I am doing statistical analysis for a dataset using GLM in R. Basically the predictor variables are: "Probe"(types of probes used in the experiment - Factor with 4 levels), "Extraction"(types of extraction used in the experiment - Factor with 2 levels), "Tank"(the tank number that the sample is collected from - integers from 1 to 9), and "Dilution"(the dilution of each sample - numbers: 3.125, 6.25, 12.5, 25, 50, 100). The response is the number of positive responses ("Positive") obtained from a number of repetition of the experiment ("Rep"). I want to assess the effects of all predictor variables (and their interactions) on the number of positive responses, so I tried to fit a GLM model like this:
y<-cbind(mydata$Positive,mydata$Rep - mydata$Positive)
model1<-glm(y~Probe*Extraction*Dilution*Tank, family=quasibinomial, data=mydata)

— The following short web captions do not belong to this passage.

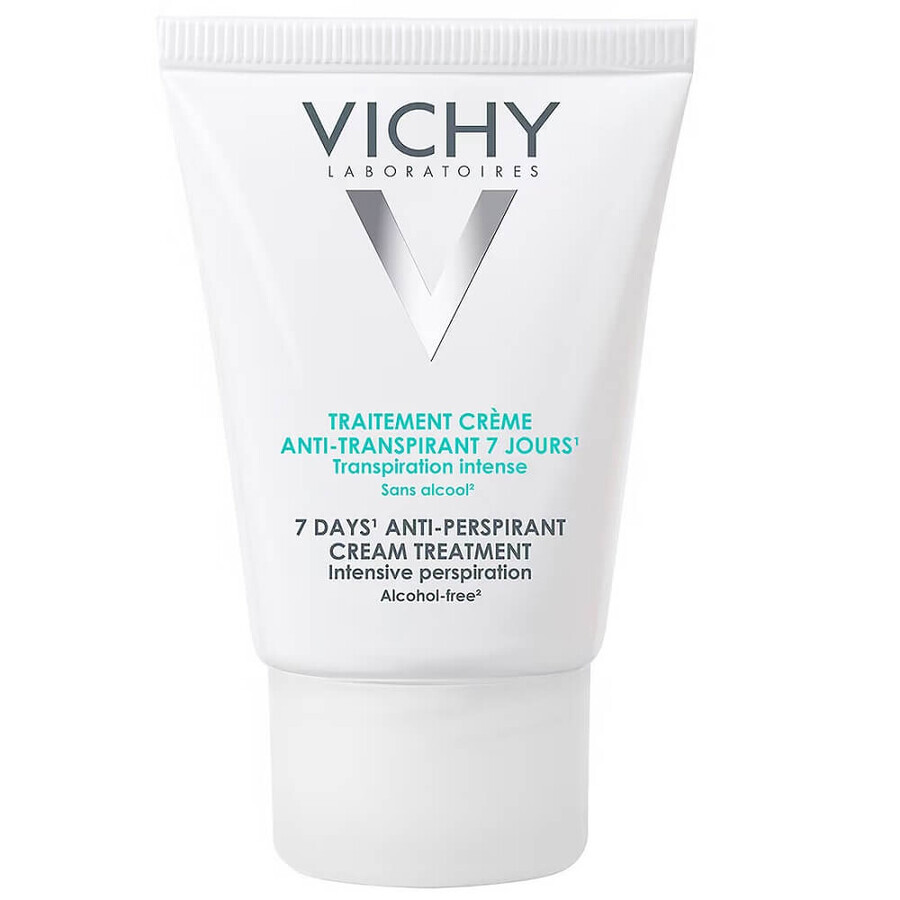 Vichy 7 Días Tratamiento Crema Antitranspirante, 30 ml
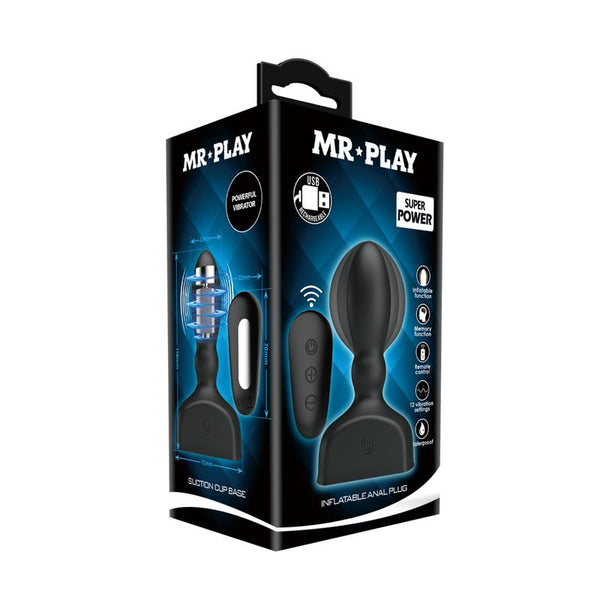 MR PLAY PLUG ANAL INSUFLÁVEL COM CONTROLO REMOTO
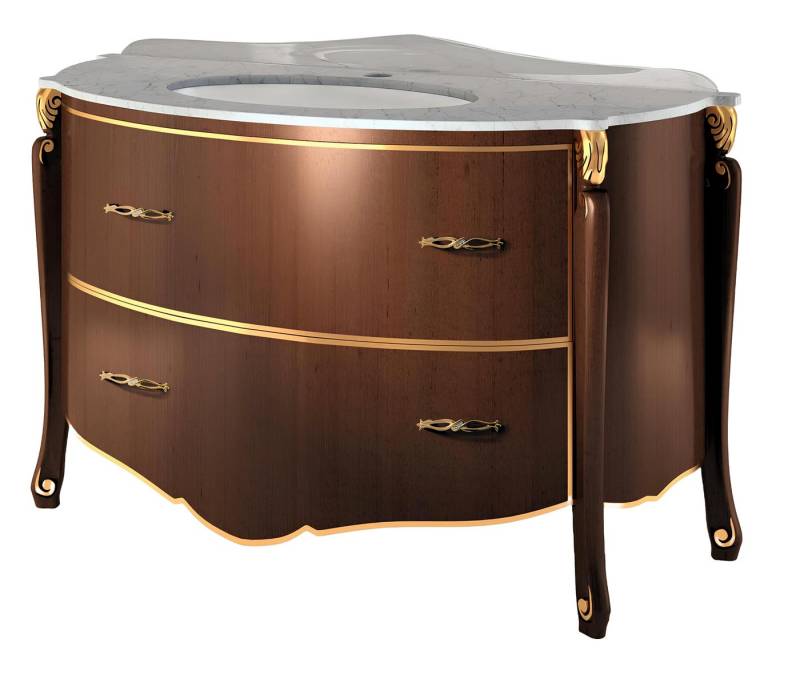 Xlmoebel Waschtisch Traditioneller Badezimmerschrank mit Waschbeckenunterschrank (Unterspülschrank), Hergestellt in Italy von Xlmoebel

But I was later advised by my supervisor that the "Tank" predictor variable should not be treated as a level-based variable. i.e. it has values of 1 to 9, but it's just the tank label so the difference between 1 and, say, 7 is not important. Treating this variable as factor would only make a large model with bad results. So how to treat the "Tank" variable as a random factor and include it in the GLM?
Thanks
It is called a "mixed effect model". Check out the lme4 package.
library(lme4)
glmer(y~Probe + Extraction + Dilution + (1|Tank), family=binomial, data=mydata)
Also, you should probably use + instead of * to add factors. * includes all interactions and levels of each factor, which would lead to a huge overfitting model. Unless you have a specific reason to believe that there is interaction, in which case you should code that interaction explicitly.